Chileans to know: Violeta Parra

Thanks to life, which has given me so much
It gave me laughter, it gave me tears
So I could distinguish between joy and sadness

The irony that the message of Violeta Parra’s most famous song should so vividly juxtapose her tragic end is lost on few of those who honor her legacy.


Chile's most famous folksinger and its most beloved musical ambassador was a tortured soul beneath her famous persona. Her wide range of experiences were expressed through a dazzling variety of mediums: Violeta Parra was a poet, a musician, a painter, a sculptor, and a folklorist. Above all, however, her work captured Chile’s history, its heart, and its soul. It is this aspect of her work that propelled her from a simple folk singer to a Chilean icon.


Violeta Parra was born in San Fabian de Alico on October 4th, 1917. Her full name at the time was Violeta del Carmen Parra Sandoval and she was part of a family that was not short on talent. Her brother Nicanor Parra became a renowned poet; another brother Roberto Parra was, like Violeta, a well-known folklorist; both her daughter, Isabel, and her son, Angel, would follow in her musical footsteps and continue the movement she began known as Nueva Cancion Chilena. Violeta’s early years were spent bouncing around from town to town but by 1927 they had settled in Chillán where she began to develop her musical talent for the first time.

The Parras were a musical family and much of Violeta’s adolescence was spent singing in popular Santiago nightclubs with her siblings. This was really her first experience with performing before an audience (though it would obviously not be her last). In 1934, after living in Santiago for a few years, she met her first husband Luis Cereceda, a railway driver whose political ideals would lead to Violeta’s involvement with the Communist Party of Chile and the presidential campaign of Gabriel Gonzalez Videla in 1944. At the time, her musical career was still just beginning to take root and her musical repertoire was mainly comprised of Spanish and Argentinian ballads.

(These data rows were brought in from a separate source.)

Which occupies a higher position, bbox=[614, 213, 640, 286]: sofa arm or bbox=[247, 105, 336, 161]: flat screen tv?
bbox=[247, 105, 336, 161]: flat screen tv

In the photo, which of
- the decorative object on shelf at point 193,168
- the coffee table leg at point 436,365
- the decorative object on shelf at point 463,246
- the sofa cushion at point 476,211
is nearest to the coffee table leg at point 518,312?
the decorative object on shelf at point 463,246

In 1952 Violeta Parra's career took a turn that would define her artistic identity. After the birth of her daughter Rosita, Violeta began to travel across the country, collecting, recovering and organizing Chilean folk music. She began to compose in a more traditional folk style, abandoning her previous repertoire in favor of her new passion. At this point, she began to make a name for herself throughout Chile – she gave recitals at universities, taught courses in folklore, and recorded two singles with EMI-Odeon label:

At the height of her career, Violeta Parra’s name was known not just in Chile but around the world. In 1955, she was invited to perform at the “World Festival of Youth and Students” in Warsaw, Poland. Soon after she moved to Paris where she would become a regular fixture at the nightclub L’Escale. She rubbed elbows with preeminent European intellectuals and artists and even managed to record at the National Sound Archive of the "Musée de l'Homme" La Sorbonne in Paris. Her successful run through Europe, however, was cut short as her daughter Rosita Clara died back in Santiago. Violeta would eventually return to Chile in November of 1956.

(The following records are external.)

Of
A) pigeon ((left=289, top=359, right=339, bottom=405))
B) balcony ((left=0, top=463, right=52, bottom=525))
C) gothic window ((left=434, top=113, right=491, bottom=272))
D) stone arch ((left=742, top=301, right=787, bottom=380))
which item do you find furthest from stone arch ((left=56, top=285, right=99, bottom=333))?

Back in Chile, Violeta picked up where she left off as she performed in major cultural centers in Santiago, all the while traveling across the country to continue her research on Chilean folklore. The bulk of her research was summed up in her book “Cantos Fokloricos Chilean.” It was at this time that her interests began to branch out into other fields – she began to try her hand at painting, arpillera embroidery, and ceramics. Much of her work would be exhibited at the Louvre during her second trip to Europe in 1964. It was also around this time that Violeta Parra wrote and recorded what would go on to become one of her most famous songs:

Towards the end of her life, with her popularity now waning, Violeta would set up a tent in the La Reina municipality of Santiago. The tent, known then as “La Carpa de La Reina” would be Violeta’s final venue. The idea was to establish a community center for the arts and political activism where artists from all walks of life could exhibit their work and perform their music. From 1965 until her death in 1967, she would perform for anyone and everyone who came to her tent. In 1967, Parra committed suicide, thus ending the life of a Chilean icon.

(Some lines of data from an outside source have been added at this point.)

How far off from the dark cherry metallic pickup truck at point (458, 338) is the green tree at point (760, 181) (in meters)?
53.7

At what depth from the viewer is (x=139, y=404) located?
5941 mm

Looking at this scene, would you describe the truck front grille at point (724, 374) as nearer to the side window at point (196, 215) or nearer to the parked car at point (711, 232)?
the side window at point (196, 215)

Though her life ended in 1967, Violeta Parra’s legacy lives on to this day. In 2011, her life was immortalized in the critically acclaimed biopic Violeta Went To Heaven. Her legacy lives on through the “Nueva Cancion Chilena” Movement that her children continued to promote after her untimely death. Much of Chile’s current appreciation for its culture and traditions can be attributed to Violeta Parra’s contribution to its preservation.